'''
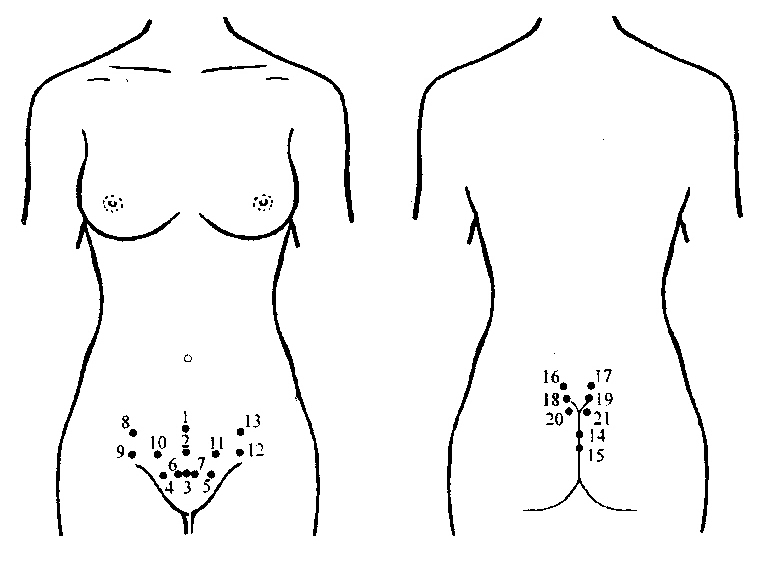 Pokazuje pijavice u ginekologiji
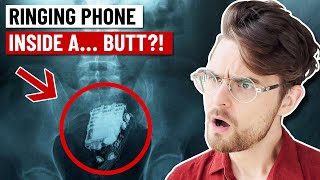 Most Shocking Things Found Inside A Human Body!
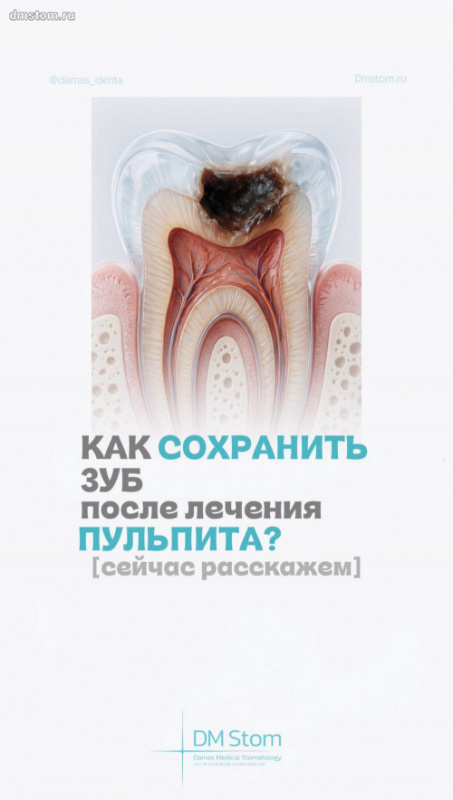 Как сохранить зуб после лечения пульпита? Риски и рекомендации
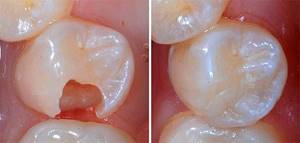 Пломбирование у детей- какие пломбы ставят на молочные зубы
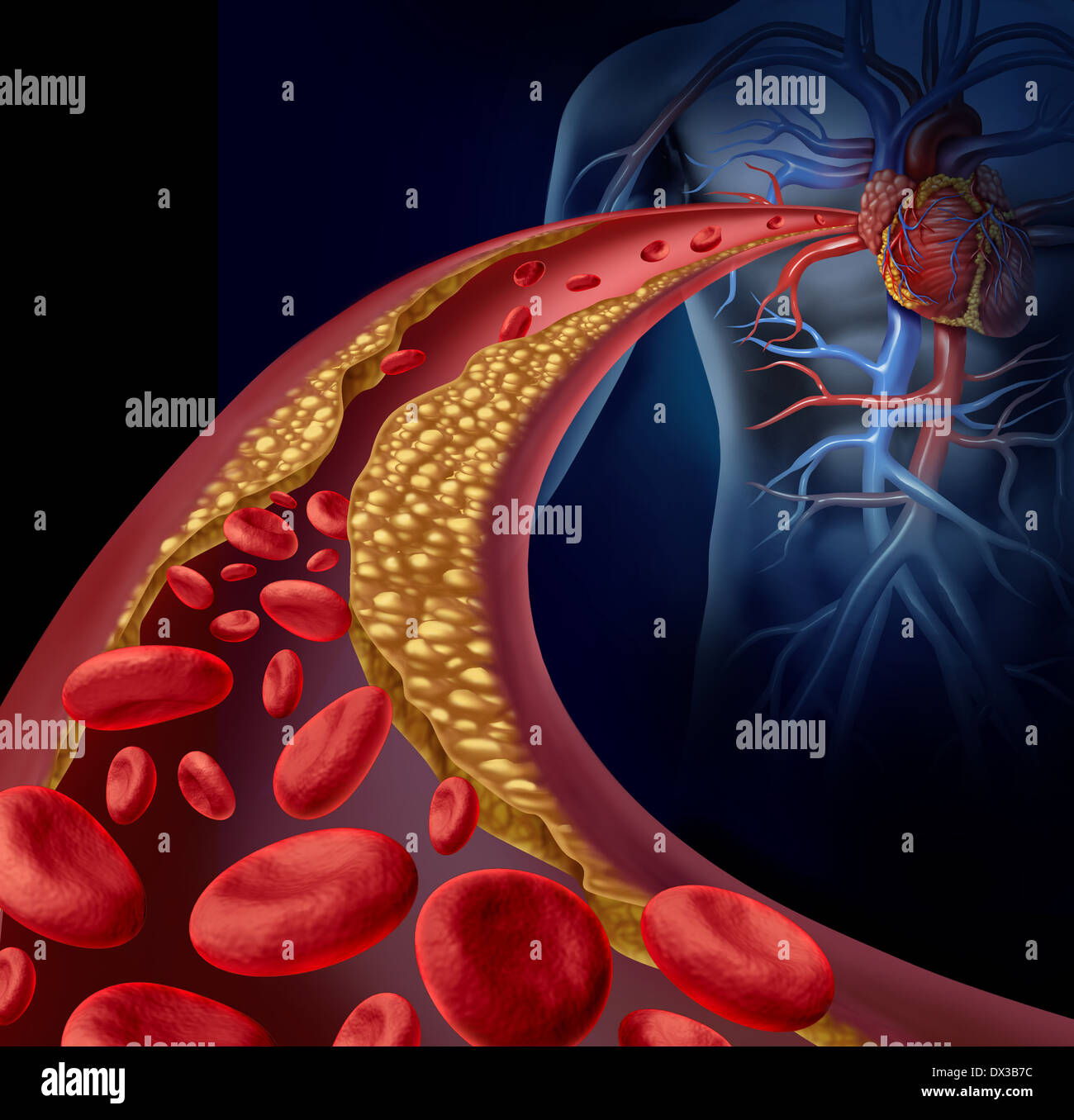 Verstopfte Arterie und Atherosklerose medizinische Krankheitskonzept mit drei dimensionale menschliche Arterie mit Blut Zellen, die als Symbol der arteriosklerotischer Gefäßerkrankungen durch Plaque-Bildung von Cholesterin blockiert ist. Stockfoto
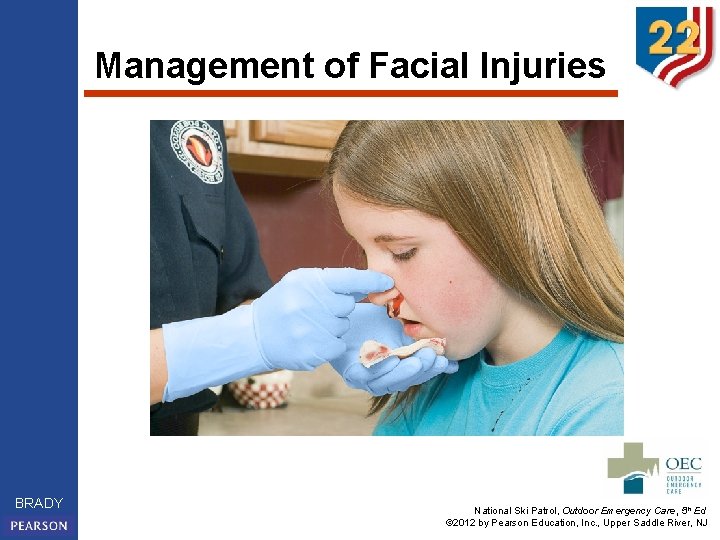 Management of Facial Injuries BRADY National Ski Patrol, Outdoor Emergency Care, 5 th Ed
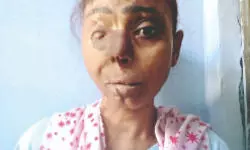 UP: Acid attack survivor receives Rs 5 lakh   compensation after 28 years UP: Acid attack survivor receives Rs 5 lakh   compensation after 28 years
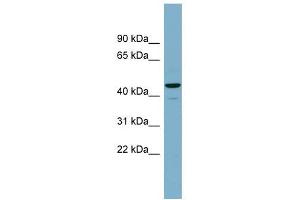 CANT1 antibody used at 1 ug/ml to detect target protein. (CANT1 抗体  (Middle Region))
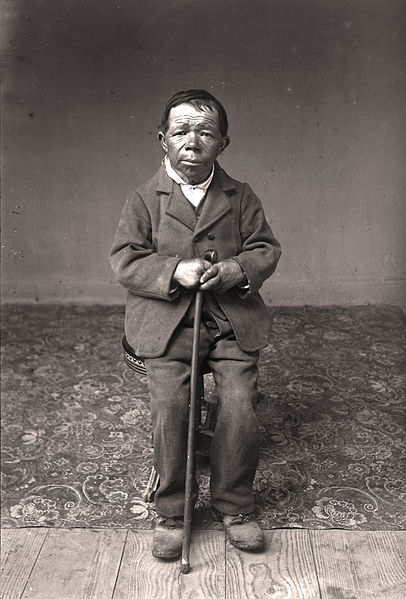 Wrodzony zespół niedoboru jodu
'''
> _Directions_:
Starting from the line with "Management of Facial" in the records above, repeat each line exactly until you have written the line with "years UP: Acid", then stop; drop the pictures.

> _Task response_:
 Management of Facial Injuries BRADY National Ski Patrol, Outdoor Emergency Care, 5 th Ed
 UP: Acid attack survivor receives Rs 5 lakh   compensation after 28 years UP: Acid attack survivor receives Rs 5 lakh   compensation after 28 years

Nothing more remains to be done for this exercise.